In Glen Nochty a conflict also took place between distillers and excisemen that led to a popular ballad being written about it. Interestingly this ballad is written to the tune of the Jacobite song, Johnny Cope.
A Glenlivet man wrote the song and gave the honours to his compatriots against the reputedly cowardly Donside men.
Glen Noughty lads they stayed at hame For fear that they should get the blame But Glenlivet men they thought no shane For to keep their ground in the morning.
Afuselade drove the gaugers off, but they returned with soldiers from the Corgarff Garrison. These appear to have had little appetite for their work and when met with a hail of stones, they retreated.

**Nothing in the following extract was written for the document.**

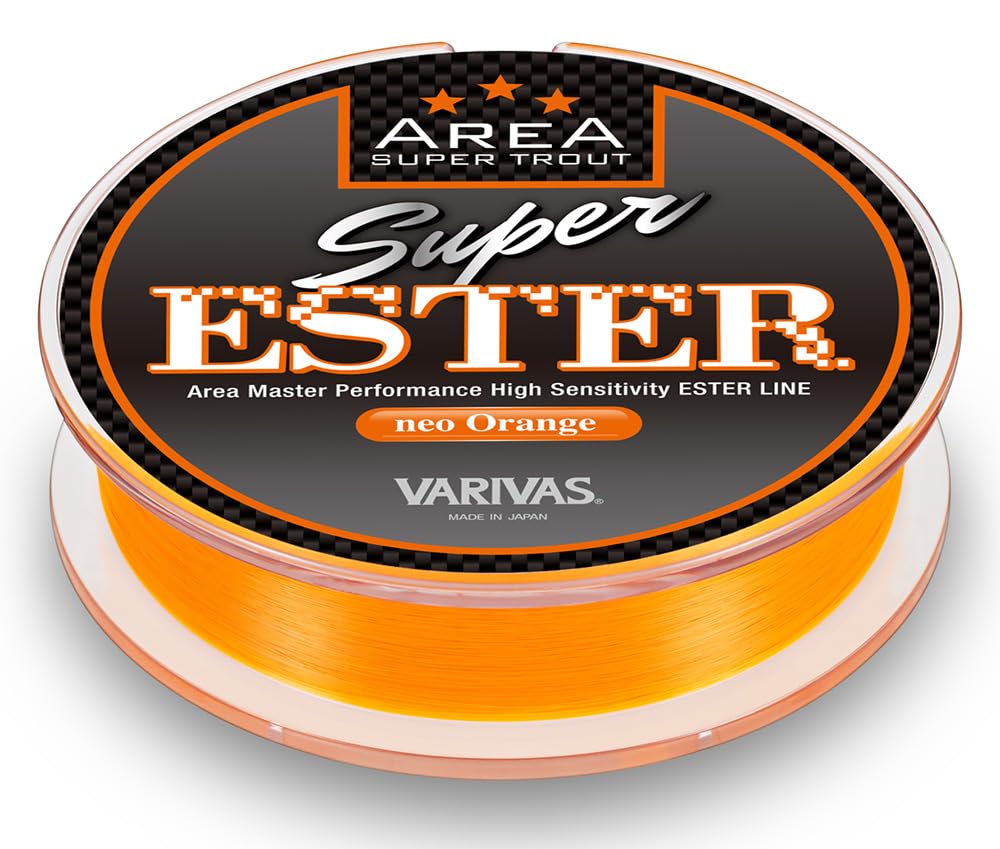バリバス スーパートラウトエリア スーパーエステル ネオオレンジ 0.5号の商品画像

Apart from the attentions of the 50 soldiers at Corgarff, other pressures were being brought to bear on the sma’ still owners.
Charles Forbes bought the estate which included most of Upper Donside and announce his intention to stamp out the trade.
In 1825 he inserted clauses in all his tenants’ leases, which stated that he prohibits his tenants from all concern, directly or indirectly, in illicit malting and distillation, or the selling of spirits. And he declares that a breach of this prohibition shall infer an immediate forfeiture of the lease.
This had much more effect that the threat of arrest, usually accompanied by a small fine, in helping suppress the whisky trade.
Of course the restrictions on legal, large scale distilling had been abolished in 1824 and changes to revenue laws made it much easier for those with some capital to set up in legal business.
The family of McHardy, or rather the families, for there were many McHardies in Strathdon, had long been associated with illicit stills on Upper Donside, especially the McHardy’s of Burnside and Corryhoul.
The estate records of Forbes note that “Margaret, widow of John McHardy of Easter Corryhoul, rents a farm at £13 a year, she has nine children and wishes to be continued a tenant, she has brewed whisky and has several times been fined.” In spite of his prohibition against distilling and threat to evict culprits, the estate records note he agreed to her continued tenancy.
Evicting a widow with nine children was probably a step too far even for Forbes.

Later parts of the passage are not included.